Sebelumnya, tim Edy juga sudah mengambil formulir dari PDI-P. Dahlan menyebut, mereka juga akan mengambil formulir ke Partai Nasdem dan PKB. Sebagai Ketua Tim Kampanye Daerah Anies Baswedan-Muhaimin Iskandar, Dahlan menyebut, Edy akan mendaftar ke semua partai koalisi Anies.
Hanya Partai Golkar dan PDI-P yang diperkirakan bisa mengusung pasangan calon tanpa harus berkoalisi dengan partai lain karena perolehan kursi lebih dari 20 persen.
Pilpres 2024 memang sangat memengaruhi Pilgub Sumut. Edy, misalnya, dianggap mengkhianati Prabowo karena menjadi Ketua Tim Kampanye Daerah Anies-Muhaimin. Padahal, pada 2018, Gerindra termasuk partai utama yang mengusung dan memenangkan Edy sebagai Gubernur Sumut.
Sekretaris Partai Gerindra Sumut Sugiat Santoso menyebut, mereka terbuka terhadap semua bakal calon gubernur, kecuali Edy. ”Partai Gerindra sama sekali tidak memasukkan nama Pak Edy dalam bursa kandidat yang akan kami dukung,” kata Sugiat.
Efek Pilpres 2024 juga terjadi di PDI-P. Sekretaris Jenderal PDI-P Hasto Kristiyanto memberikan komentar pedas pada Bobby. ”Sudah ada pendaftaran-pendaftaran di Sumatera Utara. Semua boleh mendaftar, kecuali Mas Bobby. Itu usulan dari bawah,” kata Hasto di Jakarta.
PDI-P yang diperkirakan mendapat 21 kursi di DPRD Sumut bisa mengusung sendiri pasangan calon di Pilgub Sumut. Namun, hingga kini belum ada kader PDI-P yang menonjol. Edy juga bukan kader PDI-P.
Selain Edy, ada mantan Bupati Tapanuli Utara Nikson Nababan yang sudah mengambil formulir. Nikson adalah Ketua PDI-P Tapanuli Utara. Hampir pada setiap Pilgub Sumut, PDI-P selalu membentuk satu poros.
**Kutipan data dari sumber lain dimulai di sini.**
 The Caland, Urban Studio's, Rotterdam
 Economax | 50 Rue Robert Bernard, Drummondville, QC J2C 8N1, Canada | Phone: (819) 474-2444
Sumut juga merupakan salah satu lumbung suara terbesar PDI-P. Namun, partai itu belum pernah menang di Pilgub Sumut.
Pada Pilgub Sumut 2018, PDI-P ”mengimpor” Djarot Saiful Hidayat dari Jakarta dan dipasangkan dengan Sihar Sitorus. Partai itu berkoalisi dengan PPP. Pasangan itu kandas melawan Edy-Musa yang diusung Partai Golkar, Gerindra, Hanura, PKS, PAN, dan Nasdem. Sebelum masa jabatan berakhir tahun lalu, Edy dan Musa sudah pecah kongsi dan berkonflik secara terbuka.
Elite pusat
Pengajar Program Studi Ilmu Politik Universitas Sumatera Utara, Warjio, mengatakan, pola kontestasi Pilgub Sumut masih sama seperti sebelumnya. ”Penentuan calon didominasi elite parpol di Jakarta. Siapa yang punya jaringan politik yang kuat, modal yang besar, popularitas, dia yang akan diusung partai,” katanya.
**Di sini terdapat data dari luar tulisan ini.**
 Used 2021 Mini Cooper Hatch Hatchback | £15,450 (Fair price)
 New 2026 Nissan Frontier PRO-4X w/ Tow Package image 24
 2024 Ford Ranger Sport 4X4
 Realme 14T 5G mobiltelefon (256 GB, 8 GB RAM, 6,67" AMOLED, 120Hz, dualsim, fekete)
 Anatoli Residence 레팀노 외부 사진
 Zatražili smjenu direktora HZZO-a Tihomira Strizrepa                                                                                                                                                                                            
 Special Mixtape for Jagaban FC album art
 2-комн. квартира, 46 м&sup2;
Warjio menyebut, partai juga akan sangat pragmatis. Tidak akan ada diskursus pembangunan dalam penentuan calon. Polarisasi koalisi pilpres juga akan sangat menentukan peta koalisi. Pernyataan penolakan partai politik kepada calon tertentu adalah imbas dari pilpres.
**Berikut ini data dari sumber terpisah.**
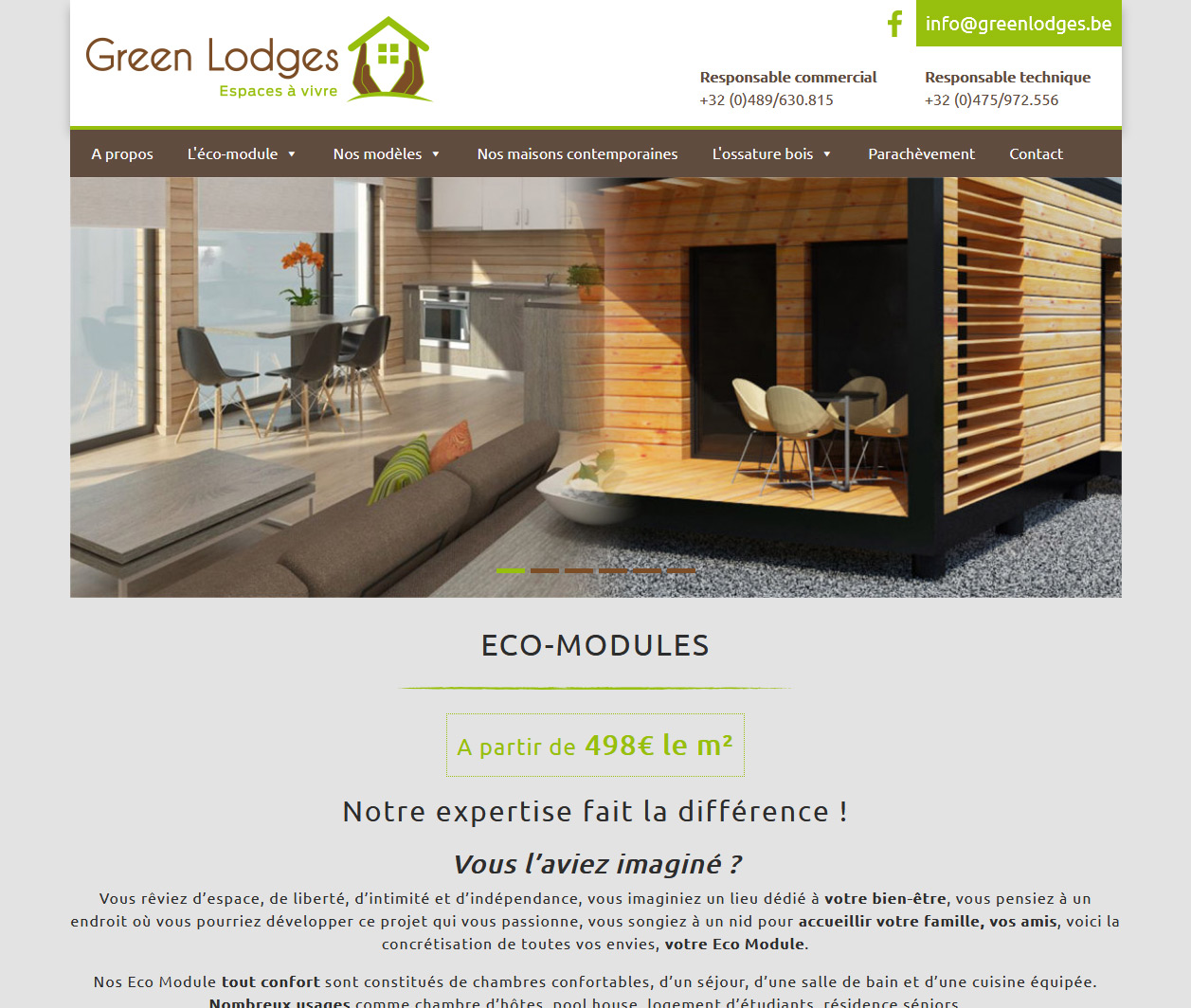 Green Lodges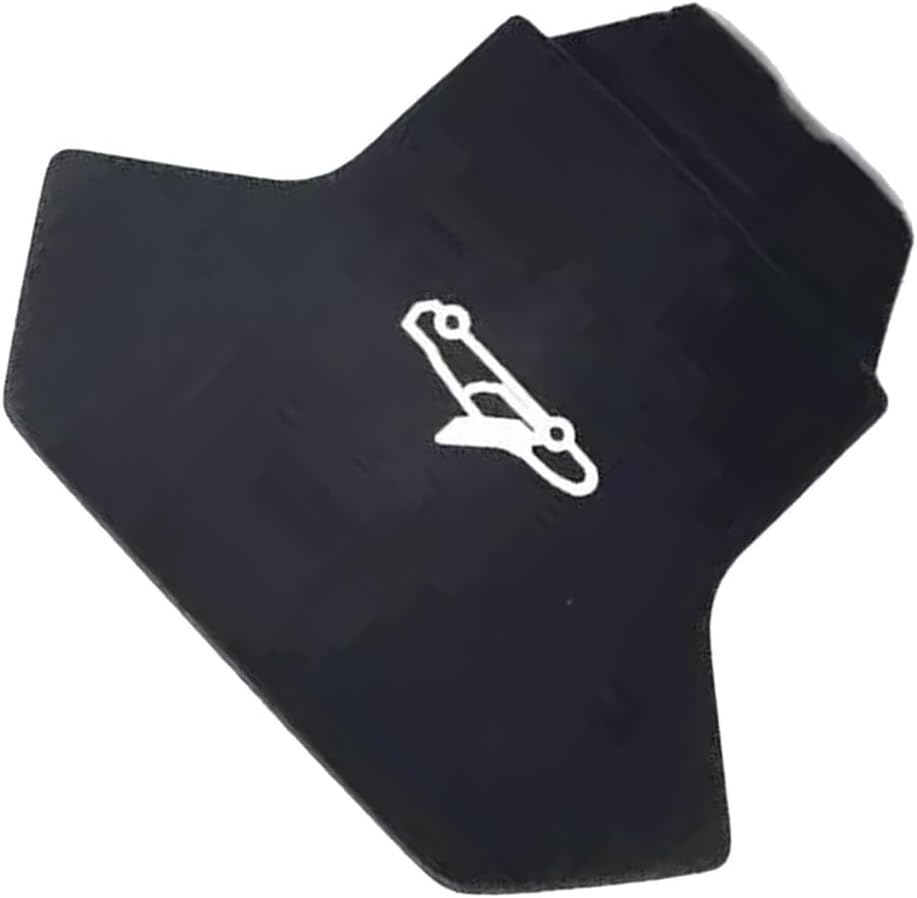 ya 5 8.24 baidi Door Control Switch Push Button Black Fits For MP4-12C 2012-2014 650S 2015-2017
Pilkada tahun ini juga disebut akan menunjukkan kembali kegagalan parpol melakukan kaderisasi kepemimpinan di daerah. Dengan melihat orangnya yang itu-itu saja, kata Warjio, sulit mengharapkan diskursus pembangunan. Apalagi, keputusan pencalonan biasanya mendekati batas akhir pendaftaran. Dia melihat, calon-calon yang muncul nyaris tanpa visi atau gagasan apa pun.